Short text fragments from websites
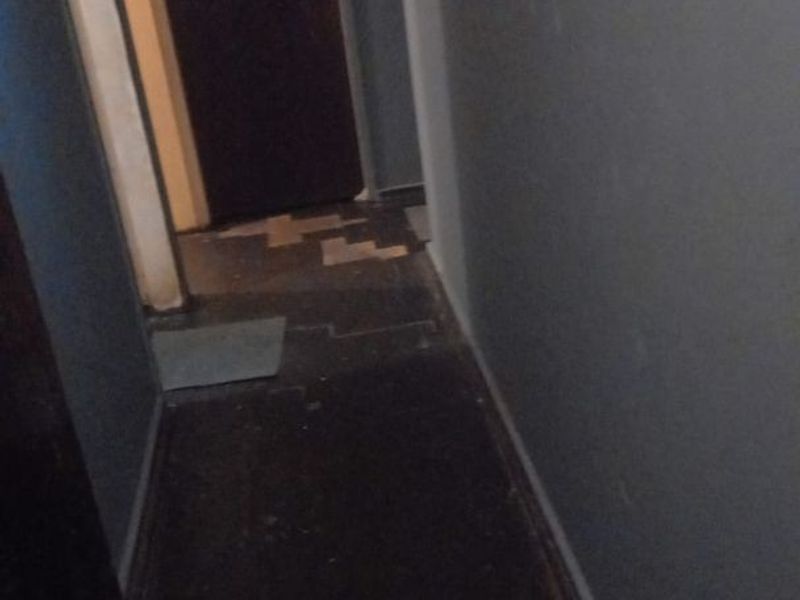 A narrow interior hallway showing signs of wear, including damaged flooring and missing tiles, requiring maintenance or renovation.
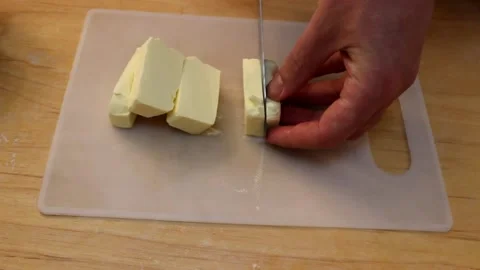 A man cuts into cubes butter that melts in his hands Stock Footage 155271696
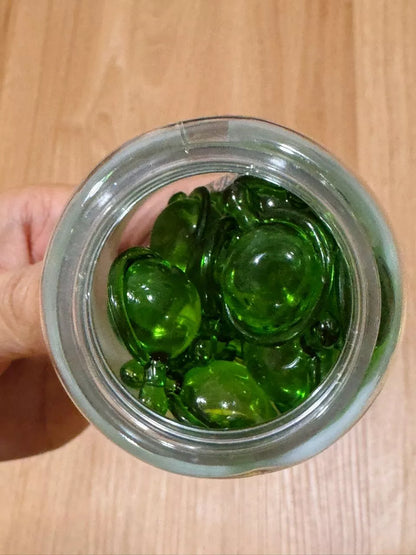 Top view of green capsules inside Lesasha Hair Vitamin Serum Capsule Olive Oil jar
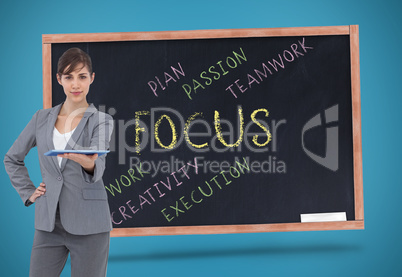 Composite image of attractive businesswoman holding tablet pc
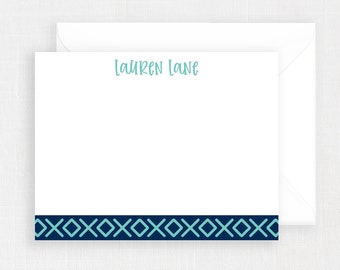 May include: A white stationery card with a blue and teal border. The card has the name "Lauren Lane" printed in teal at the top.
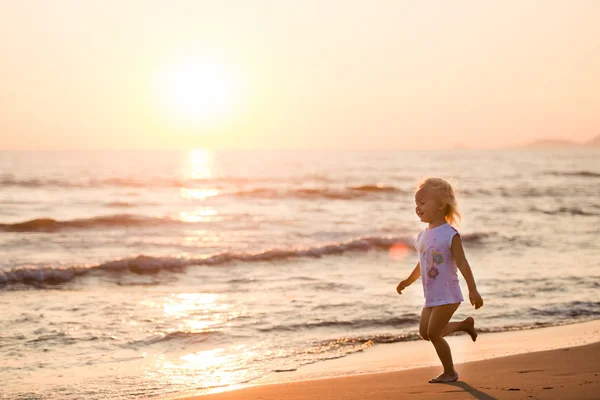 Belle petite fille courant sur une plage au coucher du soleil, Italie, Forte — Photo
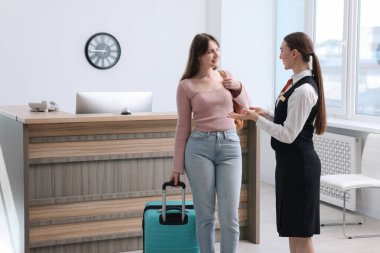 Üniformalı resepsiyonist misafirleri içeri buyur ediyor, mesaj için yer var.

#### WHAT THE EXERCISE ASKS
I'd like every record printed exactly, with the pictures left out.

#### TASK RESULT
 A narrow interior hallway showing signs of wear, including damaged flooring and missing tiles, requiring maintenance or renovation.
 A man cuts into cubes butter that melts in his hands Stock Footage 155271696
 Top view of green capsules inside Lesasha Hair Vitamin Serum Capsule Olive Oil jar
 Composite image of attractive businesswoman holding tablet pc
 May include: A white stationery card with a blue and teal border. The card has the name "Lauren Lane" printed in teal at the top.
 Belle petite fille courant sur une plage au coucher du soleil, Italie, Forte — Photo
 Üniformalı resepsiyonist misafirleri içeri buyur ediyor, mesaj için yer var.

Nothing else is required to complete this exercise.